>>>>>

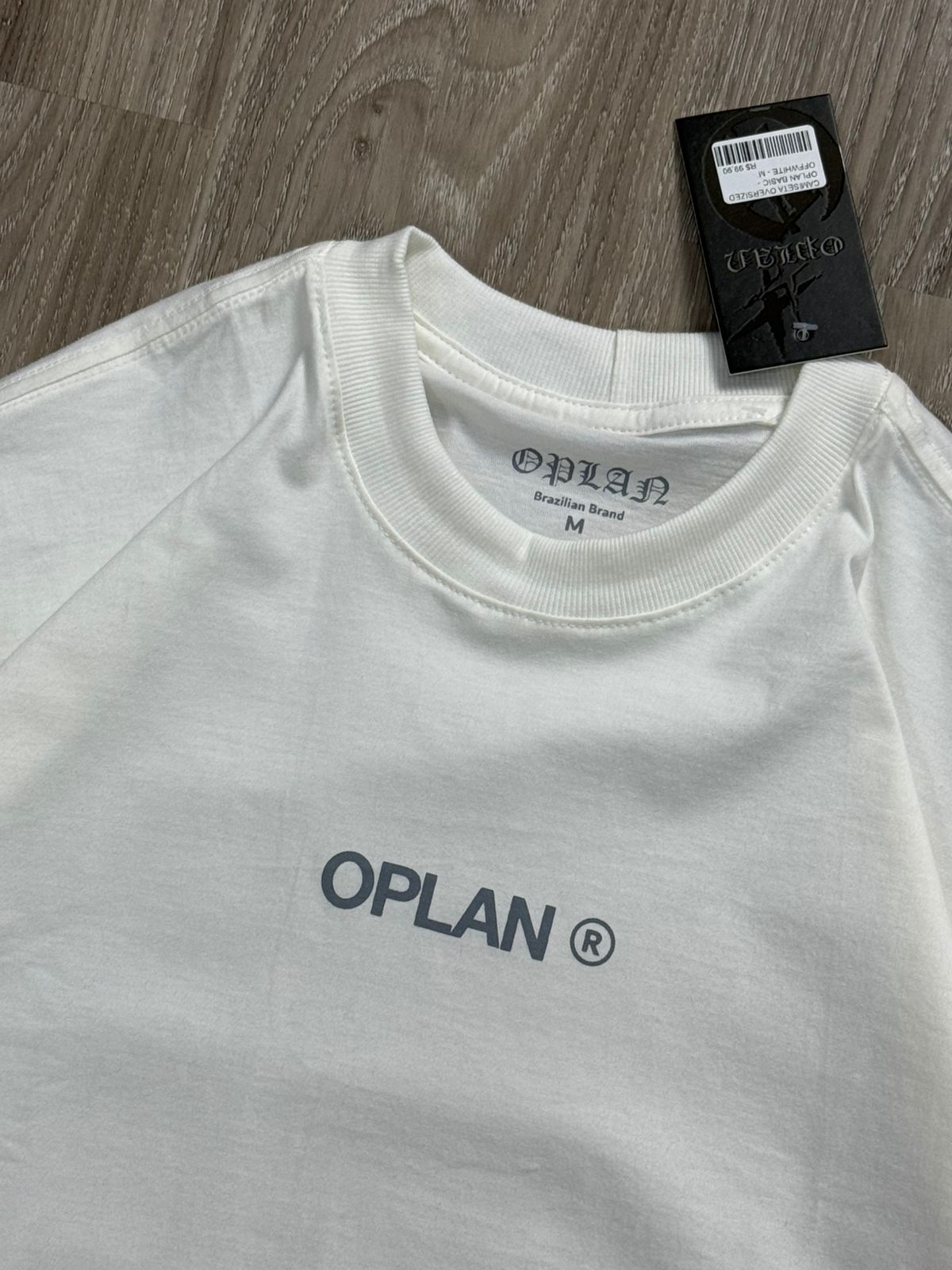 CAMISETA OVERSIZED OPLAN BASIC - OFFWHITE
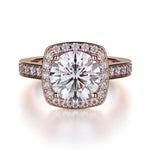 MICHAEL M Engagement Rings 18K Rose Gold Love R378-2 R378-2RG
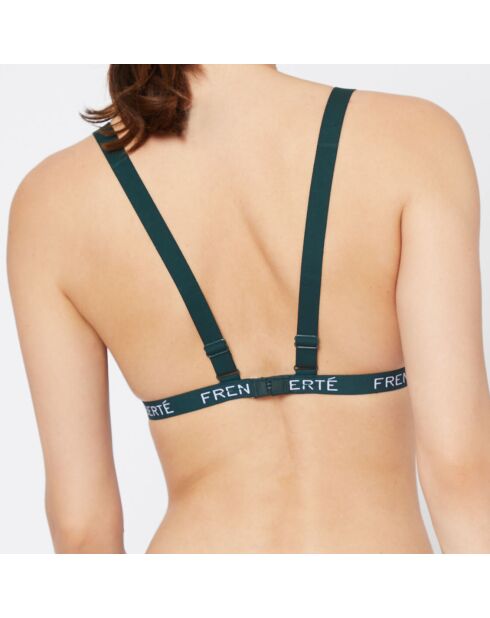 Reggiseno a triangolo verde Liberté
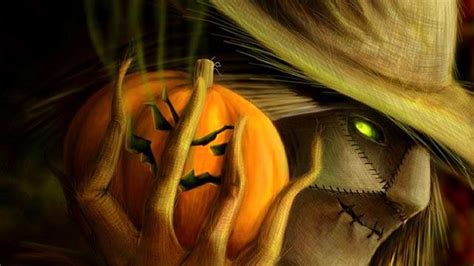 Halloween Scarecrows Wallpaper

<<<<<

WHAT YOU WILL DO: Copy verbatim the span that begins at the line containing "MICHAEL M Engagement" and ends at the last line of the material, inclusive of both; exclude pictures.

ANSWER TO THE EXERCISE:
 MICHAEL M Engagement Rings 18K Rose Gold Love R378-2 R378-2RG
 Reggiseno a triangolo verde Liberté
 Halloween Scarecrows Wallpaper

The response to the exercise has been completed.